There is another substance, though, that may appear to allow chaga extract to partly retain the promise of folk medicine to help with stomach and intestinal ailments. This substance is a melanin pigment, but with a different structure than the pigment that gives colour to the skin and hair in humans and other animals.
“This melanin has the opposite effect of the other substances we examined in that it is anti-inflammatory. Water extracts of chaga consist of just a few percent polysaccharides, the rest is mostly melanin and other compounds with antioxidant activity”, Wold says.
Both confirm and deny
“When we know that many intestinal disorders are due to an overactive immune system, and that melanin may have the ability to suppress the immune response, it is conceivable that melanin can act against such disorders”, says Wold.
“But we cannot establish that until we have investigated in more detail how the melanin works in our body.”
Wold's research has shown that various substances from chaga with very different molecular structures can affect different parts of the immune system, and opens further pharmaceutical research paths.

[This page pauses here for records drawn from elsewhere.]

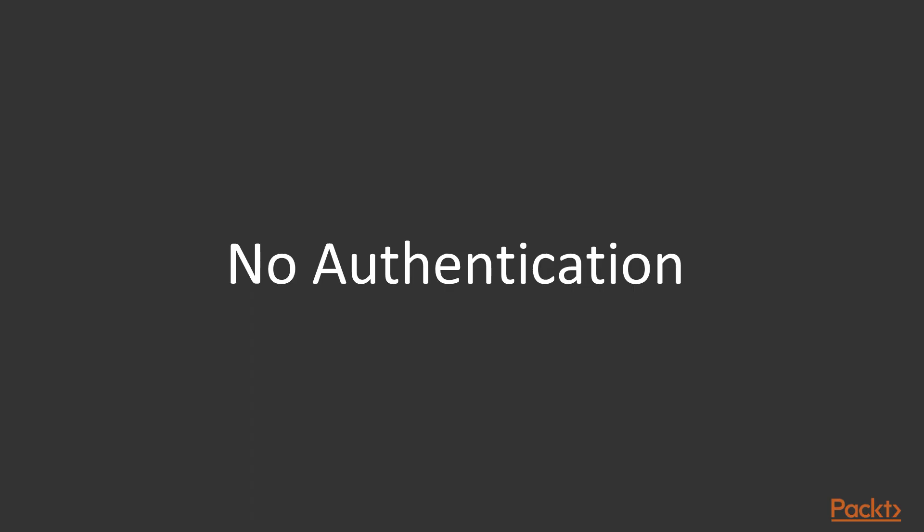In order to keep this section short and to the point, the React application we are going to be building is not going to have any form of authentication. You can then take the code files and enhance the application either by building your own authorization server or by using a third-party solution like Firebase.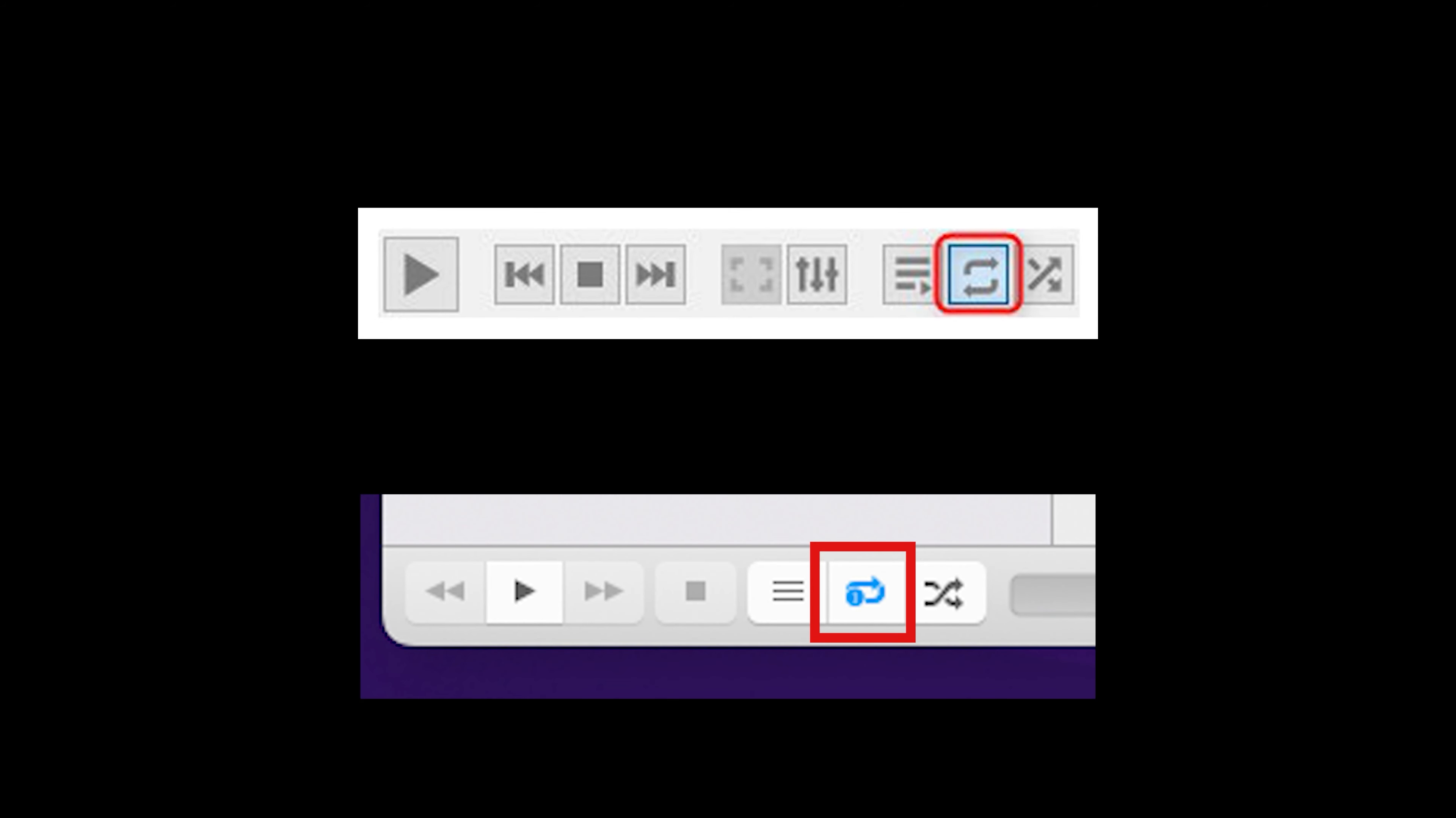Lastly, ensure that you enable the Loop setting in VLC so that you do not lose video link when switching from thermal to RGB.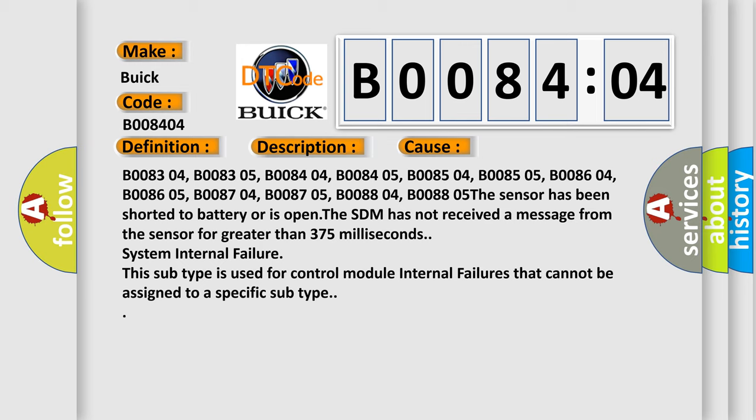B008304, B008305, B008404, B008405, B008504, B008505, B008604, B008605, B008704, B008705, B008804, and B008805.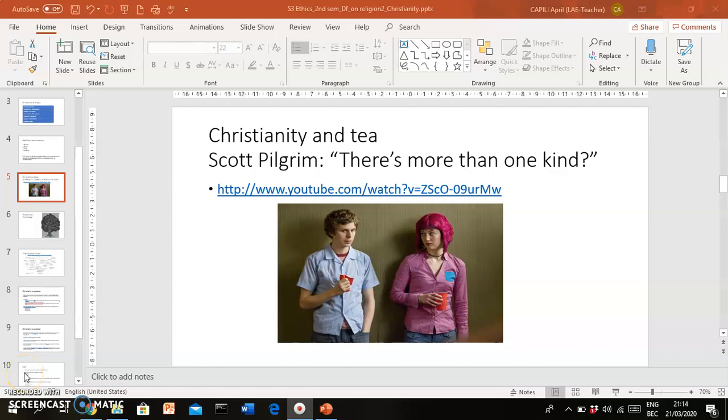Hi everyone, good morning and welcome back to our S3 Ethics class. Today we're going to continue our discussion about religions, but I would like to focus on one specific religion, which is Christianity.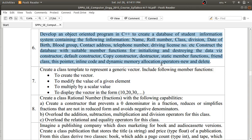Hello guys, welcome to the OPL assignment video series. Today we are going to discuss the next assignment in Group A, which is the Student Database. The problem statement given in your syllabus says: develop an object-oriented program in C++ to create a database of a student information system. We need to construct the database with suitable member functions for initializing and destroying the data via constructor, default constructor, copy constructor, destructor, static member functions, friend class, this pointer, inline code, and dynamic memory allocation operators new and delete.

The odd thing is that folk medicine beliefs in chaga as cancer medicine is both confirmed and denied: yes, chaga contains substances that have potential as cancer medicine – but even though isolated substances have potential, they are probably present in far too low concentrations in the folk medicine extracts to have any direct effect on cancers.
Christian Winther Wold: Immunomodulating polysaccharides, triterpenoids and melanin from the medicinal fungus Inonotus obliquus (Chaga). Doctoral dissertation from UiO, 2020. Abstract.